Deputy First Minister Jim Wallace is to stand down as leader of the Scottish Liberal Democrats.
Jim Wallace believes it is the right time for him to move on
Mr Wallace will also leave the Scottish Parliament in 2007.
He said he had been considering his position for some time and wanted to make way for fresh blood in his party following the general election.
The Orkney politician said the Lib Dems' success in last week's poll meant he could hand over a confident party to his successor.
Mr Wallace, who is a QC, fought strongly for the Scottish Parliament to be set up and has held his ministerial position for the past six years.
The 50-year-old has been leader of the Lib Dems in Scotland for the past 13 years and played a prominent part in the general election campaign.
Speaking on BBC Scotland's Good Morning Scotland programme Mr Wallace said the time was right for him to go.
He said: "We had tremendous election results on Thursday night and I thought it was the right time to hand over to a successor.
"I think there's always a problem that party leaders have of not quite knowing when you've overstayed your welcome.
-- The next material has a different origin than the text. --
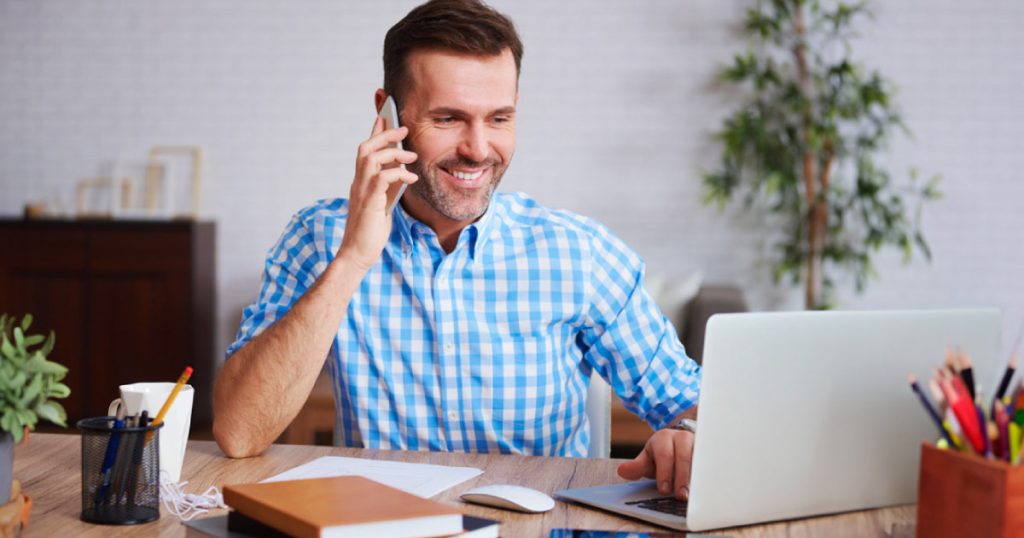 a man uses a virtual terminal for processing credit cards to take a payment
"I don't want to really encounter that problem.
"I'd rather go now and I can go knowing that I'm handing on a party that's in good form, it's confident and is clearly moving forward."
However, despite pleas from some of his close colleagues to carry on Mr Wallace said he would not change his mind.
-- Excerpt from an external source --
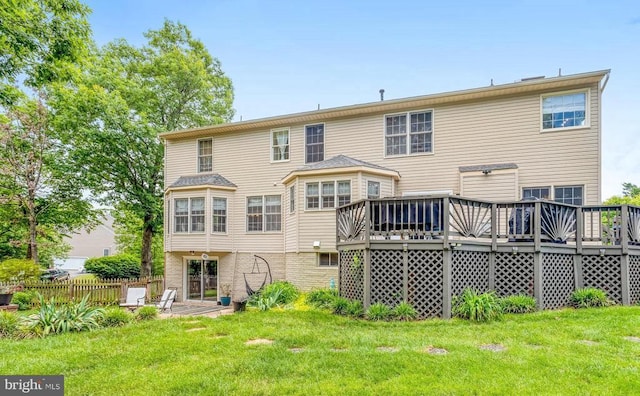 10101 Westover Ct, Fredericksburg, VA 22408 - rear view of property with a deck and a lawn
"I've had a pretty exciting time" he explained. "But I always think it's probably better that you go when people are saying 'why are you going?' than 'when is he going?'.
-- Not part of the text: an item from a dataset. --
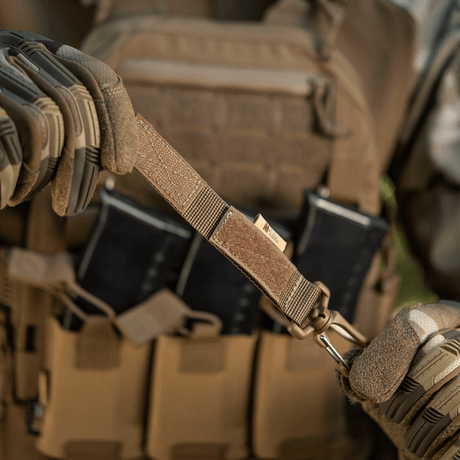 M-Tac karabiinihaka-lisävaruste kiinnitetty taktiseen MOLLE-liiviin Velcro-remmillä varusteiden kiinnitykseen.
"It's really something that's formulated over recent weeks and months and I wanted to wait until the general election was out of the way before making an announcement.
Out with the old... Mr Wallace with new MP Jo Swinson
"When you make that decision it's very difficult to go back on it. There's almost a credibility issue if you say you're going and then you come back - It's sort of political hokey cokey and that's not my style."
Mr Wallace said he had not thought about the future but that he had two years to think about his options.
He added: "I think there's still time for me to do something different. I don't know what it is but I will certainly miss much of the work I have been doing.
"There's a very special thing about being a member of parliament or a member of the Scottish Parliament you do have a relationship with the community which is very special, it's meant a lot to me, and clearly that's something which I'll miss."
Mr Wallace said he planned to stand down officially as leader at the end of June and from there it was up to the party to set the timetable for electing a new leader.
He said he thought a leadership battle would be "healthy" for the party.
A party spokesman said: "The party executive will have to decide on what timetable to set to elect a new leader but we would envisage an election in the next couple of months. The post will only be open to MSPs."
Nicol Stephen, the transport minister, Tavish Scott, the deputy minister for finance and public services, and backbencher Mike Rumbles are potential contenders.
Mr Rumbles spoke of his shock at the news and paid tribute to Mr Wallace's "terrific" achievements.
"I'm shocked actually, I wasn't expecting it," said Mr Rumbles. "He's done a terrific job and I understand why he's leaving on a high.
"I can see why Jim has decided this would be an appropriate time to go as it will give someone else time to make a impact before the next Holyrood polls.
He declined to discuss if he would be running for the leadership.
A spokesman for the Scottish Executive would make no comment on Mr Wallace's departure.
He said that as a result of the Partnership Agreement between Labour and the Liberal Democrats, the new leader of the Lib Dems would take over automatically as deputy first minister.